Part of the reasoning for that is because when Shells is actively hanging the signs in various locations across the cities he visits, it doesn’t draw much attention. But once they are noticed — which typically comes after Shells has posted his work on social media — the signs are gone in a couple of hours, if that. After all, what hip-hop enthusiast wouldn’t want a sign that read, “Back in Philly we be out in the park/a place called the Plateau is where everybody go ...” and that actually came from Belmont Plateau in Fairmount Park hanging in the crib?

With that in mind, Shells doesn’t exactly refer to what he’s doing as regular “street art,” since unlike graffiti for example, he says his work is removed rather quickly and he’s not really vandalizing property. Instead, this project is his contribution to the culture he loves, propelled by the art and design skills he honed throughout the years.

Starting off in New York in March 2013, Shells, who has had art exhibitions all over the world for his work prior to beginning this project, has hung more than 75 signs all over the city. It’s an arduous task that he says typically takes two full days to accomplish in any given town. So far, rappers including Busta Rhymes, Action Bronson, Kanye West, GZA, Slick Rick, and Black Thought have had their lyrics immortalized on Shells’ signs.

He currently has 75 custom-designed signs in Los Angeles, where last year he did an exhibition to fund his travels, and another 22 signs in Philadelphia. This month, he’s headed to Atlanta, commissioned by the producers of the A3C Hip Hop Festival. So don’t be too upset if you miss “the start of somethin’ good” on Headland and Delowe; maybe, as Cool Breeze says on Goodie Mob’s “The Damm,” the next stop is “gonna be Greenbriar Mall.”

“These are significant places,” explains Shells, who also works in paint, acrylic, and, more recently, pyrography. “Everywhere on earth is significant for someone, but the fact that an artist wrote a lyric to mention a place makes it significant not just for that person, but for people in that area, and I think that deserves recognition.”

Shells says he’s disappointed with the overall limiting of hip-hop’s cultural relevance in a mainstream platform. While he’s happy to see that Adam Yauch (aka MCA of the Beastie Boys) has a park named after him in Brooklyn, he points out that the petition to have a street in New York named for the Notorious B.I.G. has been met with negativity.

“Hip-hop is a huge cultural phenomenon — it’s one of the biggest cultures on earth. It’s also one of the most exploited and underappreciated,” he says. “So I’m commemorating these emcees in my own way.”

After Atlanta, Shells is heading to Houston, Chicago, and the Bay Area, saying that he needs at least 20 lyrical mentions to go to a new city.
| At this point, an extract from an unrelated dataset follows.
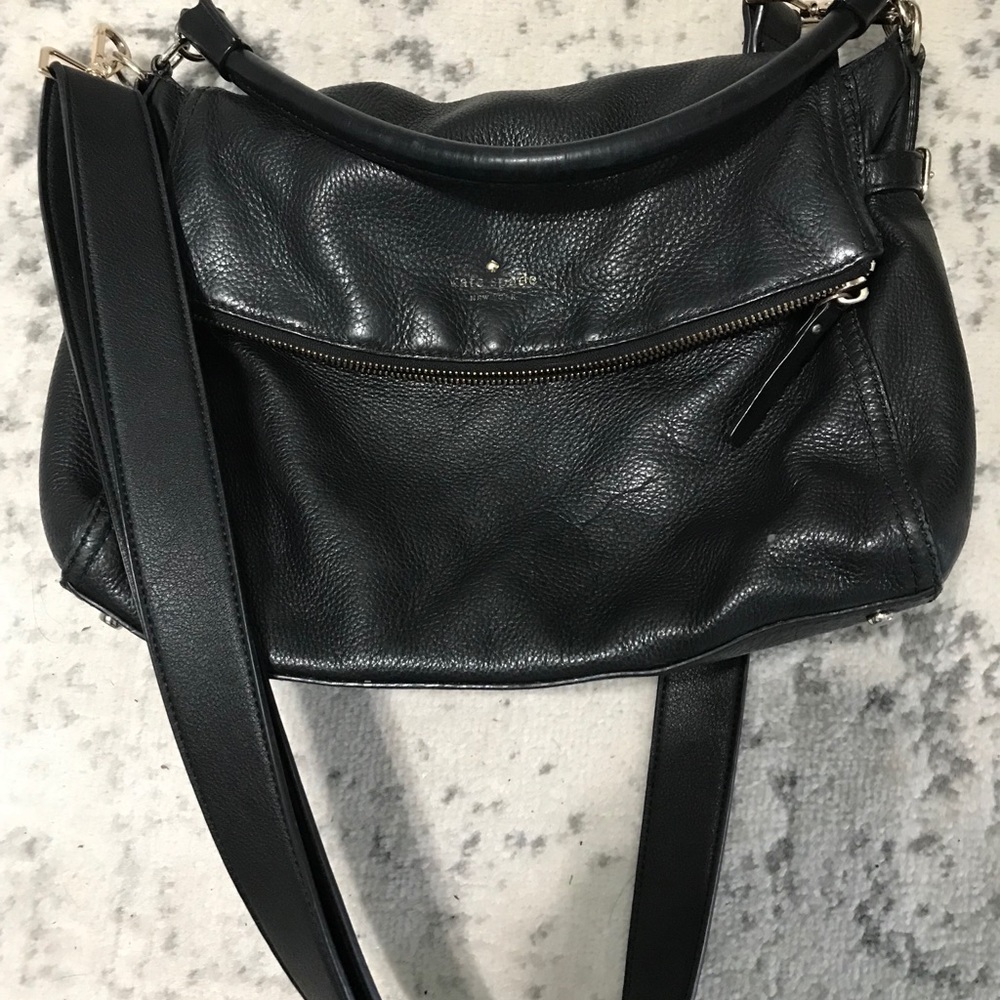 Black Kate Spade leather purse, crossbody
And as for the rhymes that he features on his signs, he isn’t picky, the lyrics just have to mention a specific place — so no “ridin’ dirty on 85, slow takin’ it easy” looking for Shells’ signage because you won’t find it there.

At day’s end, Shell is just about leaving an impression on people who appreciate good hip-hop and its cultural impact.

“People have been collecting regular street signs for decades,” he says. “So I’m just leaving something out there for somebody.”